**What to produce:** Below are the records; copy exactly the lines from the first through the one containing "a view of kitchen", both included, and leave out the pictures.

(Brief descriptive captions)
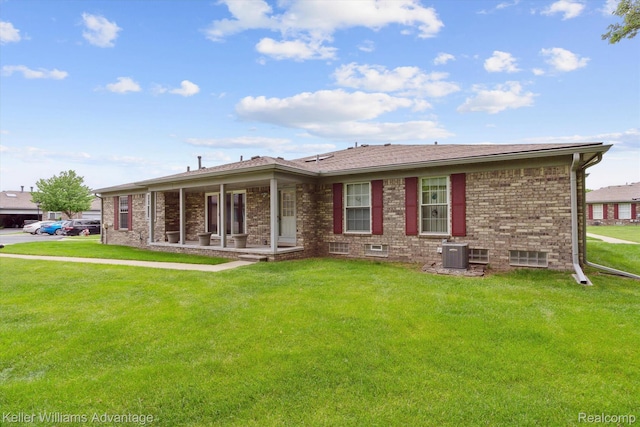 48727 Aberdeen Ct, Shelby Twp, MI 48315 - view of front of home featuring a front yard, brick siding, and central air condition unit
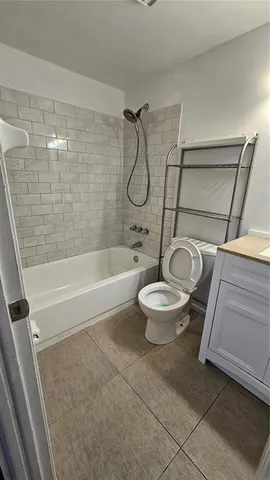 a spacious bedroom with a bed and a dresser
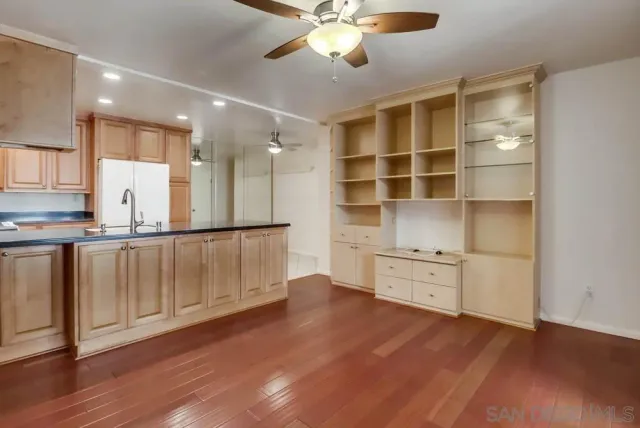 a view of kitchen with wooden floor and a window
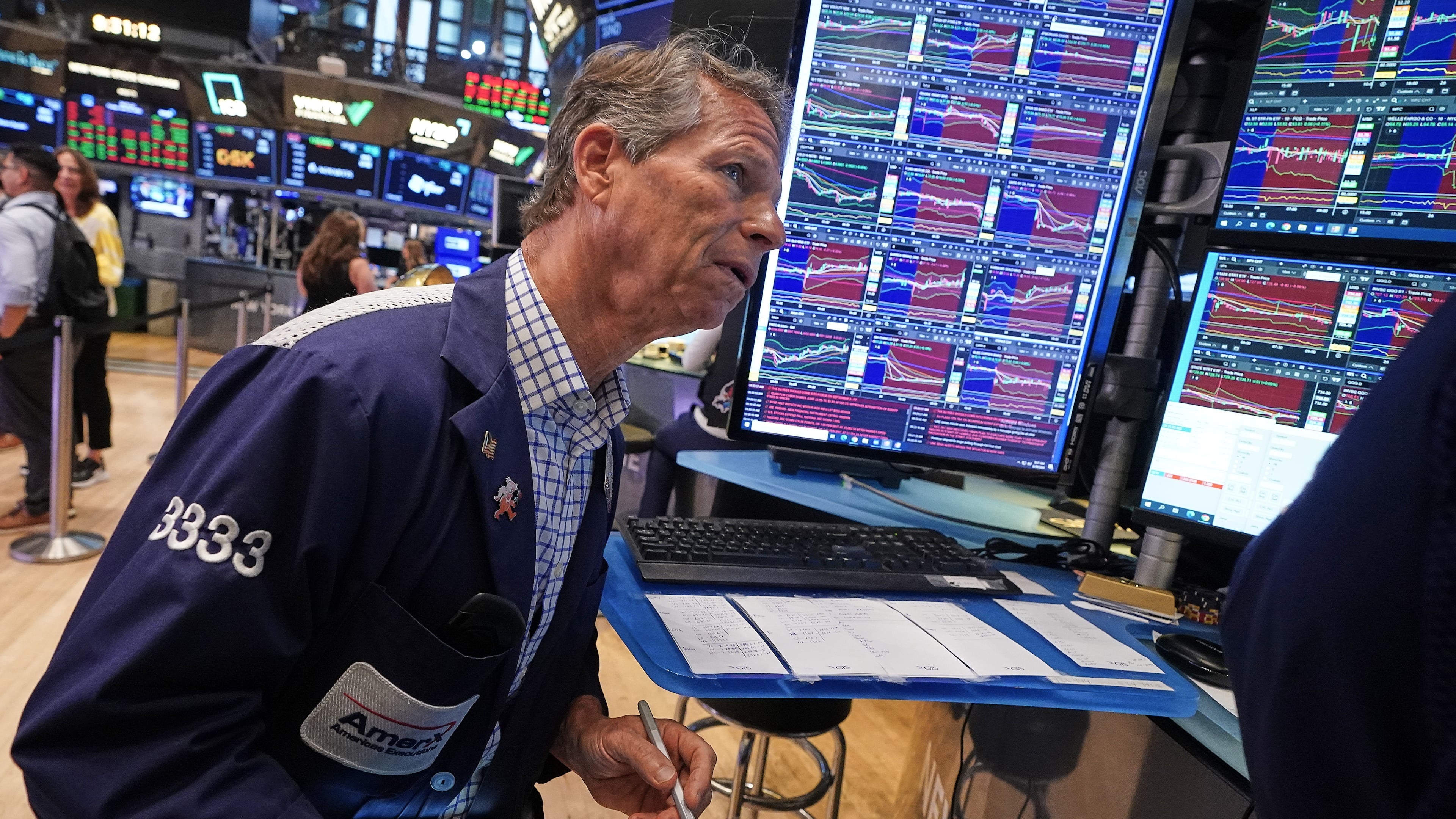 Trader Robert Charmak works on the floor of the New York Stock Exchange, Friday, June 26, 2026. (AP Photo/Richard Drew)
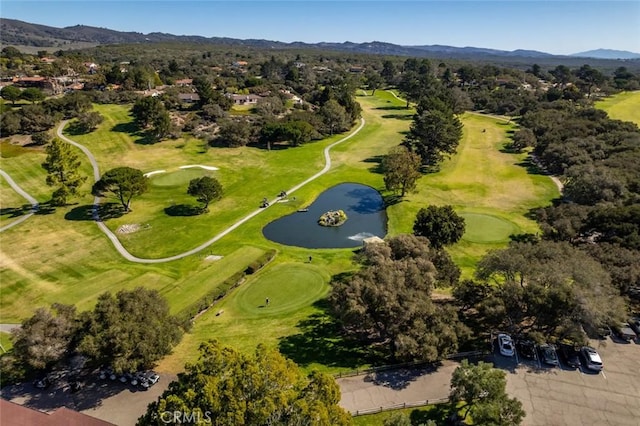 drone / aerial view featuring golf course view and a water and mountain view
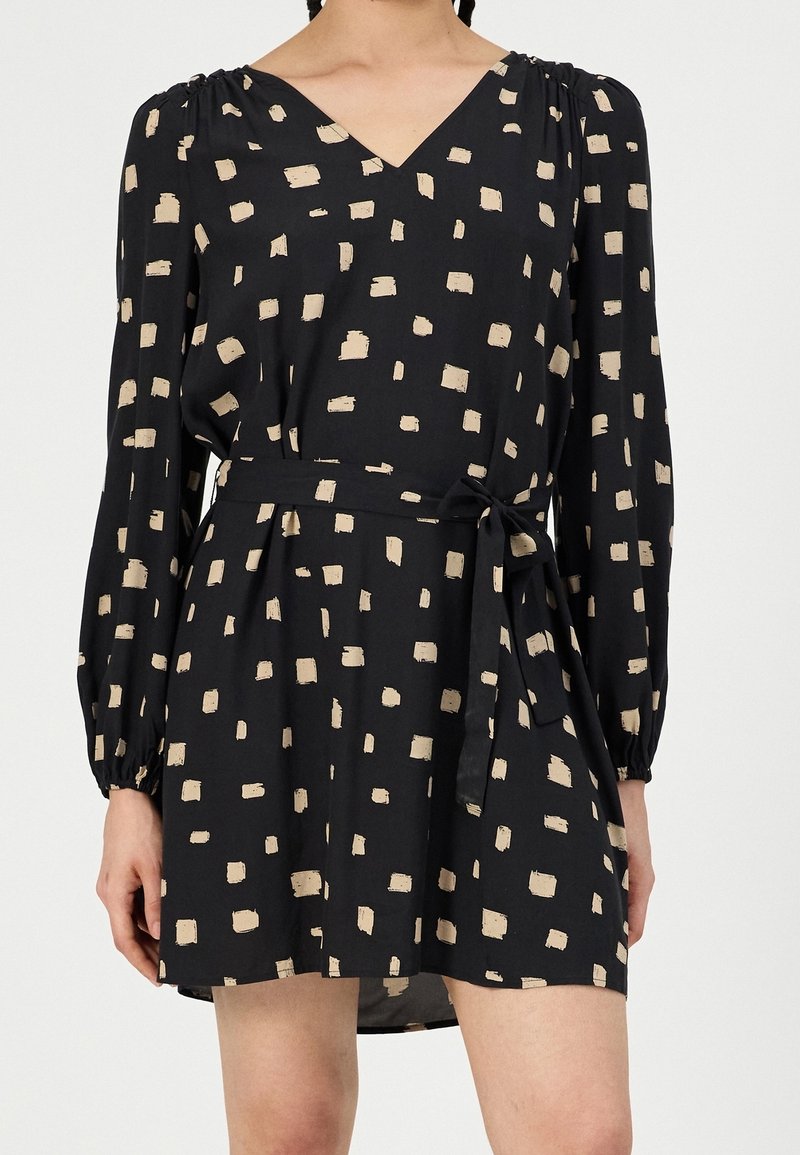 Femme portant une robe noire à manches longues avec des motifs carrés beige et une ceinture nouée à la taille, coupée au-dessus des genoux.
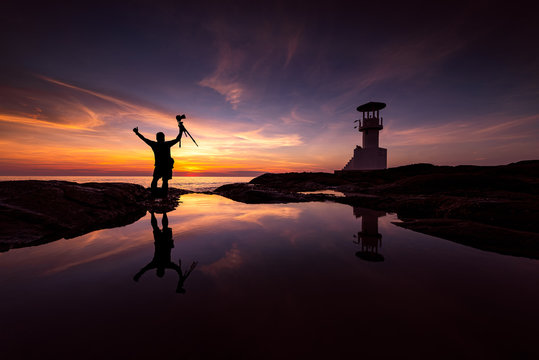 Silhouette Photographer With Lighthouse at sunset - Powered by Adobe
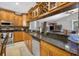 Kitchen showcases granite countertops, stainless steel appliances, and wooden cabinets with a wine rack at 9220 Hidden Water Cir, Riverview, FL 33578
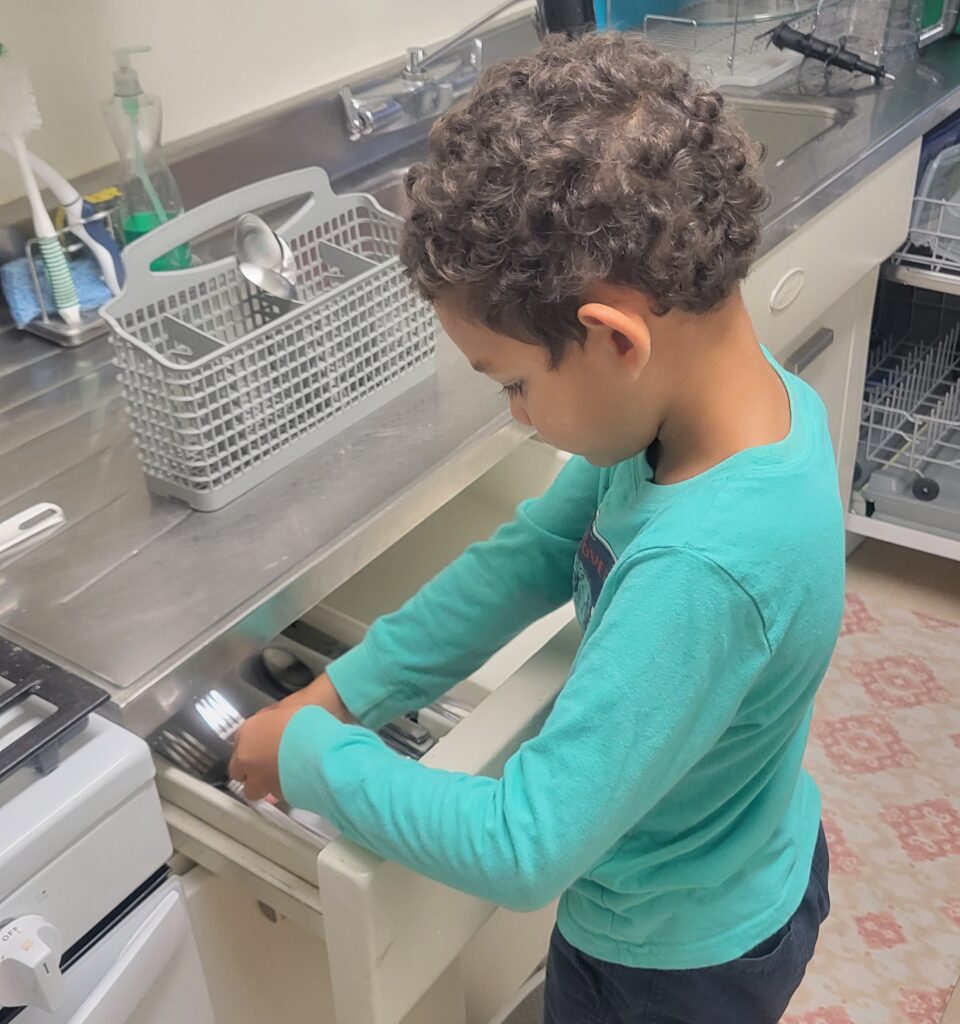 young boy unloading dishwasher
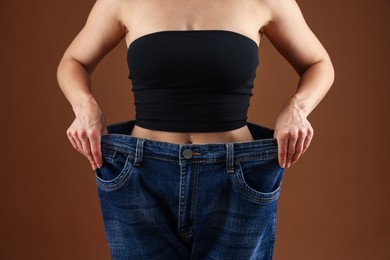 Photo of Fit woman wearing old jeans after weight loss on brown background, closeup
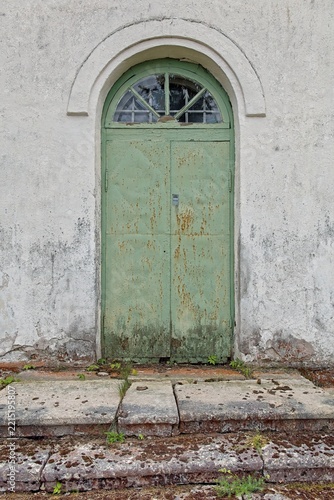 Arched doorway with a weathered green metal door set into a light-colored, textured plaster wall, Estonia, Europe.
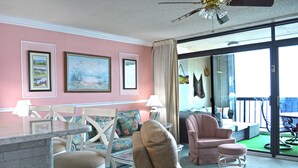 A room with a pink wall, a dining area with a table and chairs, a sofa, and a view of the outdoors through a glass door. - Comfortable 2 bedroom oceanfront condo popping with color that has free WiFi, and a balcony with an amazing ocean view located uptown just steps to the beach! (Ocean City)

**Solution for this problem:**
 48727 Aberdeen Ct, Shelby Twp, MI 48315 - view of front of home featuring a front yard, brick siding, and central air condition unit
 a spacious bedroom with a bed and a dresser
 a view of kitchen with wooden floor and a window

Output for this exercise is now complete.